## [RECORDS SHOWN]
· · · · ·

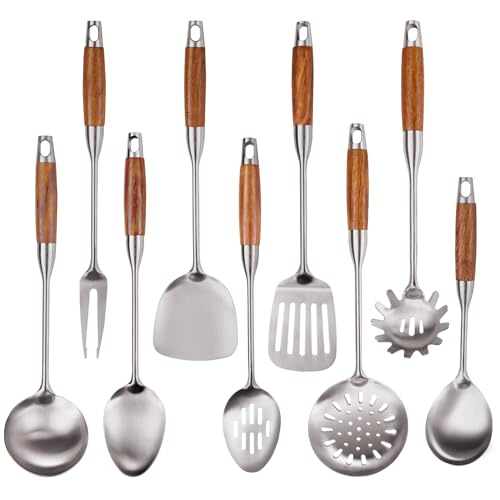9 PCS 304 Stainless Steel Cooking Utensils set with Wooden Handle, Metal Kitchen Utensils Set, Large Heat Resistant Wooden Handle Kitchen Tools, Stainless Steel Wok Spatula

· · · · ·

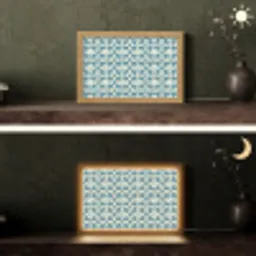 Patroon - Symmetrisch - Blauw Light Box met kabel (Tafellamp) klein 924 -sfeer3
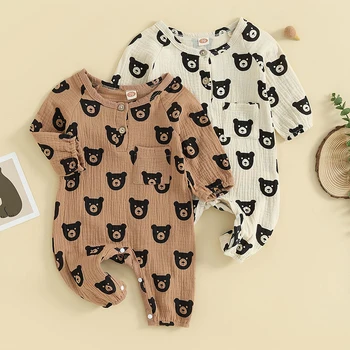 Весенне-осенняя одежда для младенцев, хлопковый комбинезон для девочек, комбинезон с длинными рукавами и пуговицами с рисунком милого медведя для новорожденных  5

· · · · ·

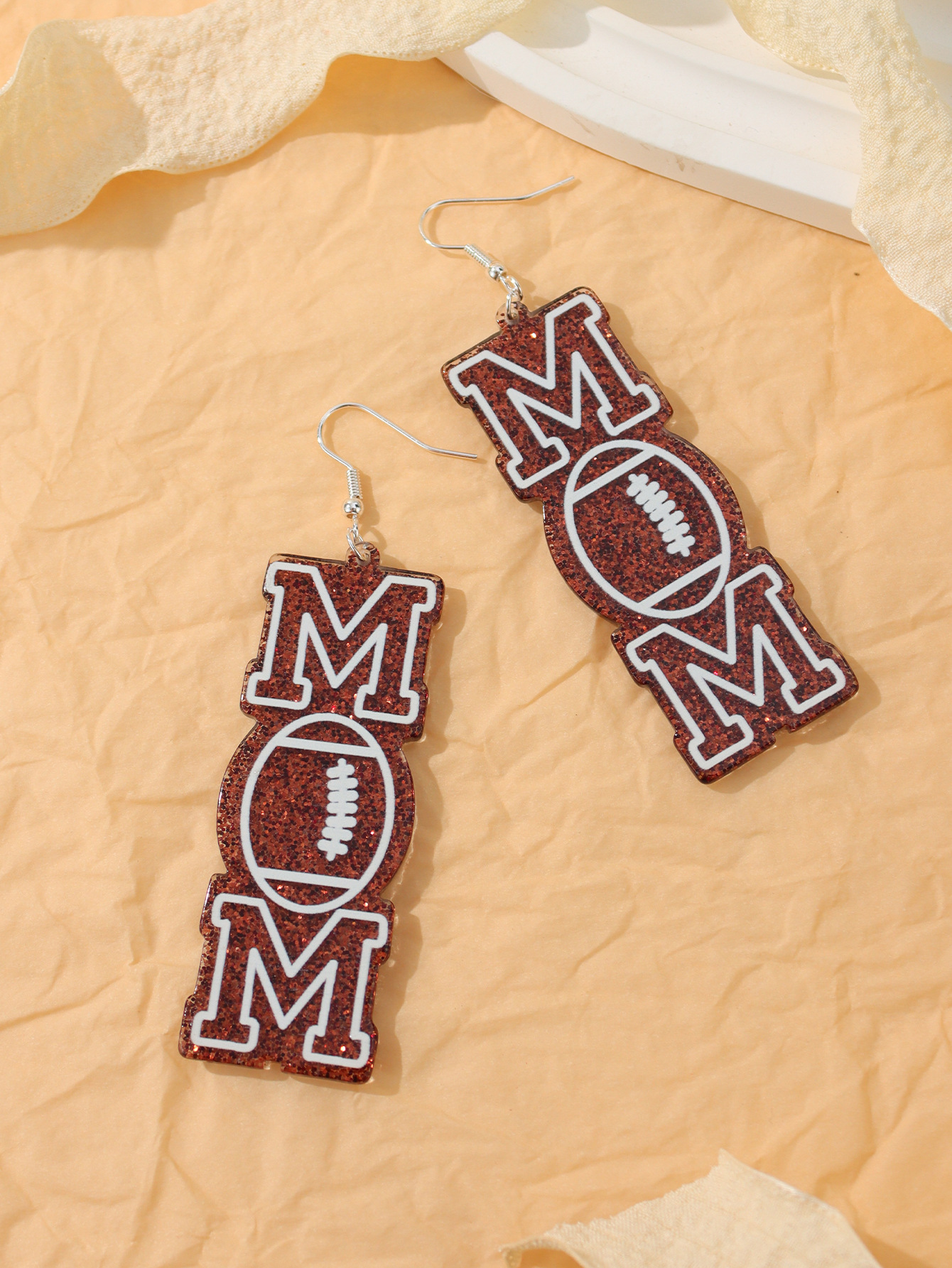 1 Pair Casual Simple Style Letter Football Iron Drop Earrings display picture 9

· · · · ·

## [PROBLEM TO SOLVE]
Within the listing above, the stretch from the line with "Patroon - Symmetrisch" down to the line with "Весенне-осенняя одежда для" is to be given again exactly, end lines included and pictures excluded.

## [RESULT]
 Patroon - Symmetrisch - Blauw Light Box met kabel (Tafellamp) klein 924 -sfeer3
 Весенне-осенняя одежда для младенцев, хлопковый комбинезон для девочек, комбинезон с длинными рукавами и пуговицами с рисунком милого медведя для новорожденных  5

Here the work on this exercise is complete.